Psychologisch müsse man auch schauen, wie sich jemand über die Jahre entwickelt habe. "Bin ich flexibel geblieben oder sehr determiniert geworden?" - das sei die Frage. "In den USA sehen wir gerade beim Präsidenten etwas sehr Determiniertes: wenig Toleranz und wenig Akzeptanz für einen anderen Weg. Da würde man sagen, dass das keine guten Voraussetzungen für eine Leitungsfunktion sind."
Wie es sich bei Merz verhält - das wird man erst im Amt erfahren.
Was bedeutet es politisch?
Eines dürfte feststehen: Friedrich Merz wird angesichts seines schon relativ fortgeschrittenen Alters kein Langzeitkanzler à la Konrad Adenauer (14 Jahre), Helmut Kohl oder Angela Merkel (beide 16 Jahre) werden. "Aber diese langen Amtsperioden sind aufgrund der Veränderungen unseres Parteiensystems sowieso kaum noch zu erwarten", analysiert der Politikwissenschaftler Jürgen Falter, selbst 81 Jahre alt. Das System ist nach seiner Auffassung deutlich instabiler geworden, weil es zum einen mehr Parteien im Bundestag gibt und diese Parteien zudem in ihren Positionen viel weiter auseinanderliegen als das etwa noch vor 15 Jahren der Fall war.

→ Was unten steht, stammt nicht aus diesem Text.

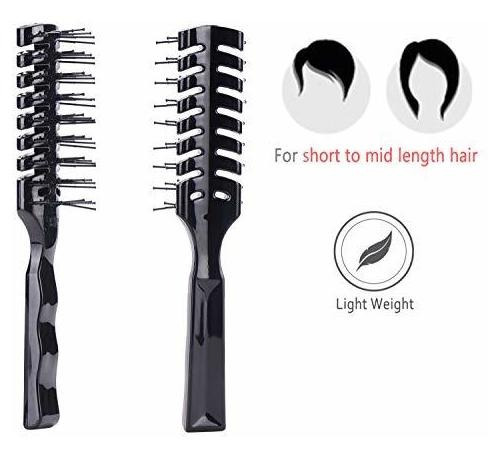 Cepillo De Pelo Ventilado Para Hombre Para Secar El Cabello,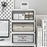 Size M Stackable Desktop Organizer Drawer Storage Box for Makeup Jewelry Office Supplies - 4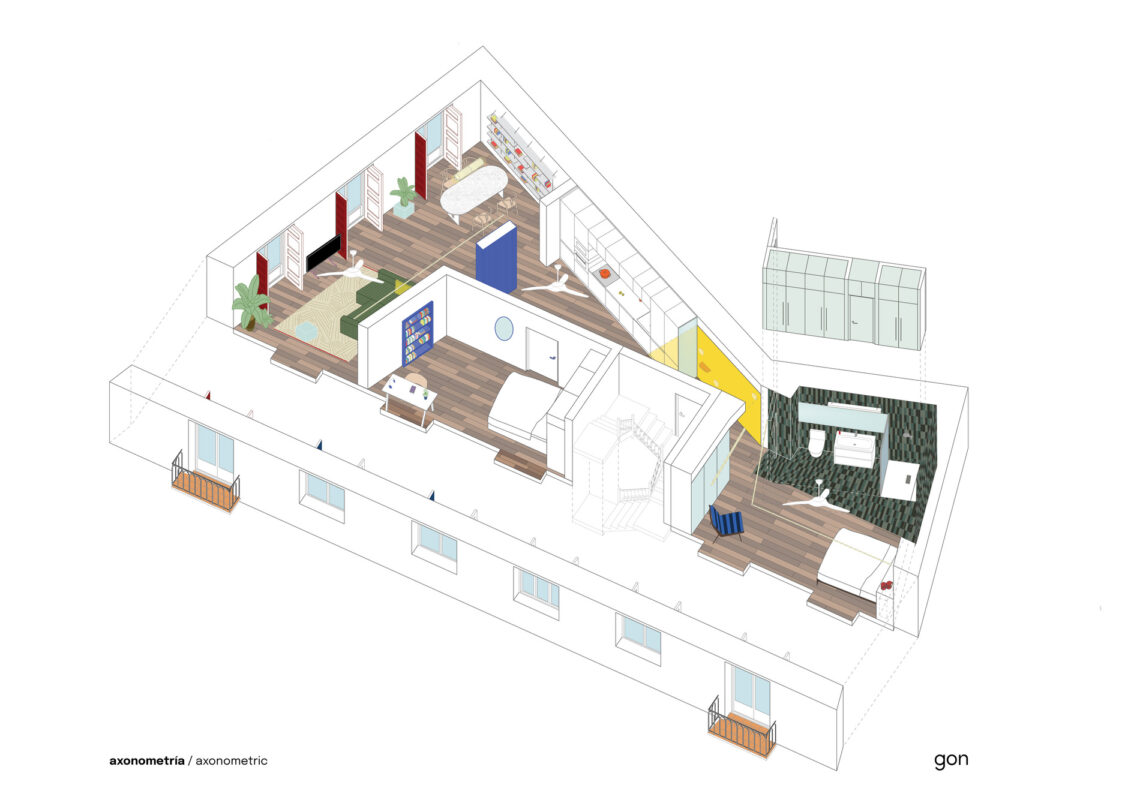Casa Eme / Gon Architects 38 Casa eme / gon architects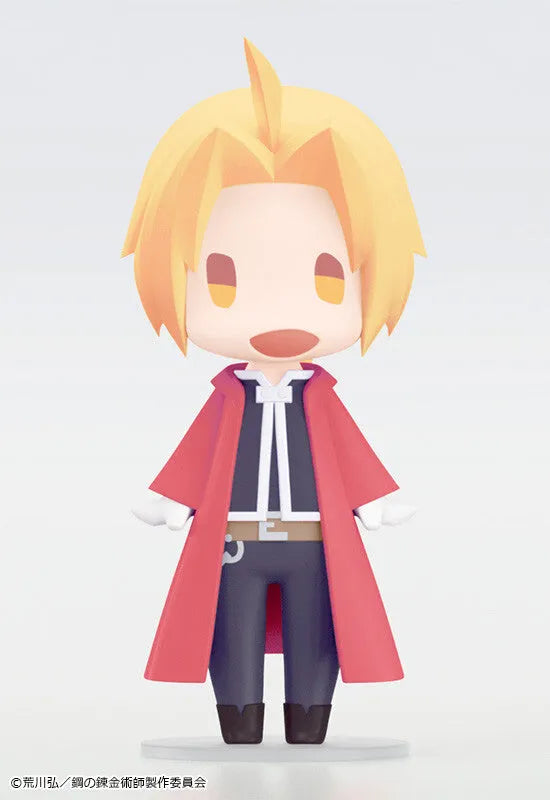 Hagane no Renkinjutsushi Fullmetal Alchemist - Edward Elric - Hello! Good Smile (Good Smile Company)ㅤ – Good Smile Company – ActionFigure Brasil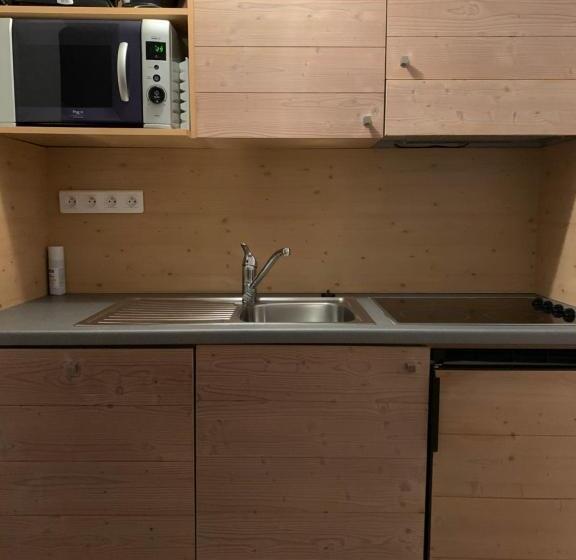Студио Стандарт с Балконом, Residence La Meije Blanche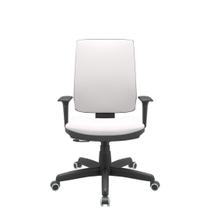 Cadeira Office Brizza Soft Vinil Branco RelaxPlax Base Standard 120cm - 63914 Cadeira Office Brizza Soft Vinil Branco RelaxPlax Base Standard 120cm - 63914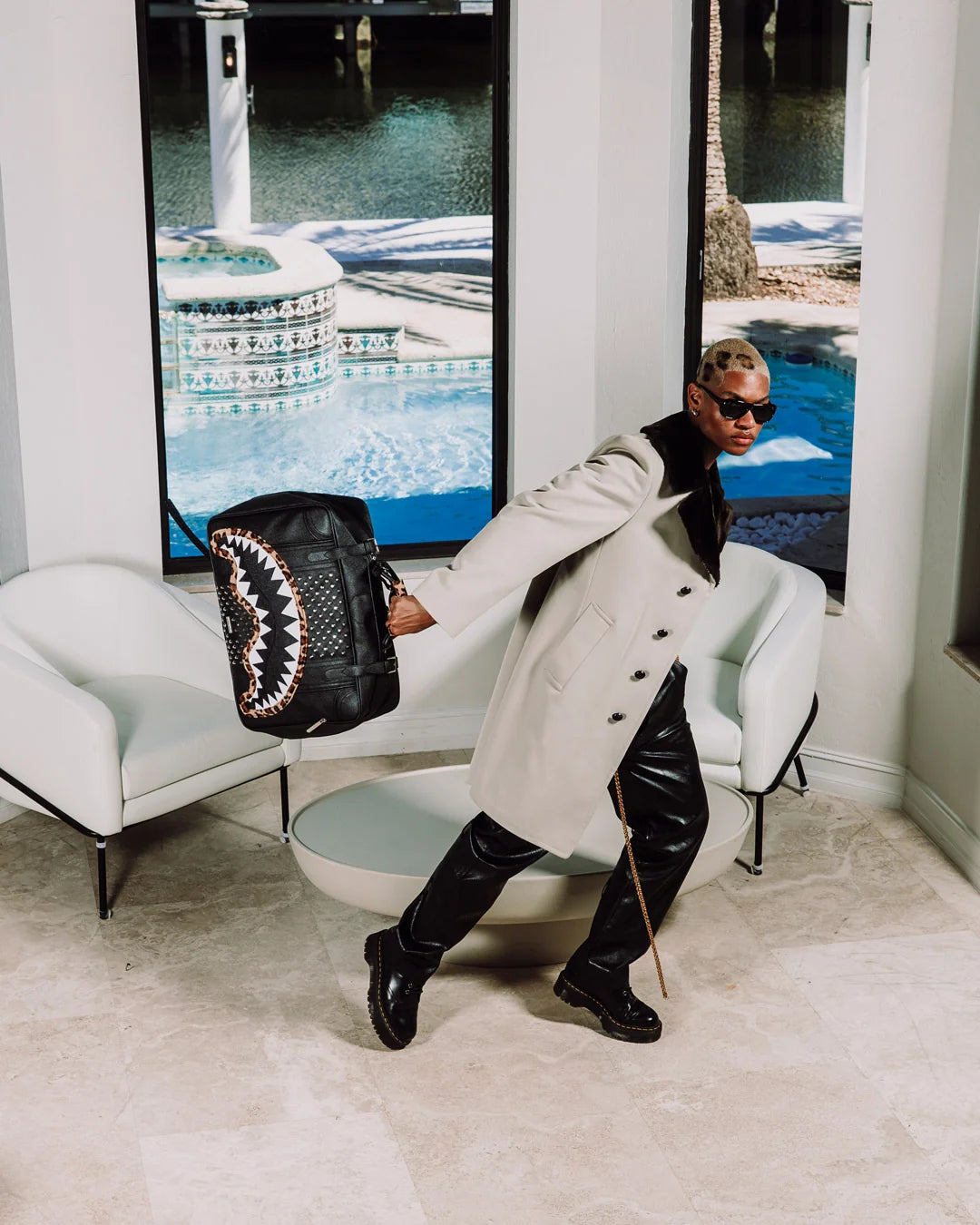 BACKSTAGE HANDHELD CARRY-ON CONVERTIBLE BACKPACK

Stefan Marschall, Politologie-Professor in Düsseldorf, sieht es ähnlich. Für den Wähler zähle die nächste Legislaturperiode. Und innerhalb der Partei sei es sogar eher von Vorteil, wenn man wisse, dass die Spitzenposition nicht auf unabsehbare Zeit besetzt sei. Sollten bei einem Kanzler Merz allerdings etwa infolge einer Pannenserie Zweifel an seiner Amtseignung aufkommen, dann würde dies sicher schnell mit seinem Alter in Verbindung gebracht werden.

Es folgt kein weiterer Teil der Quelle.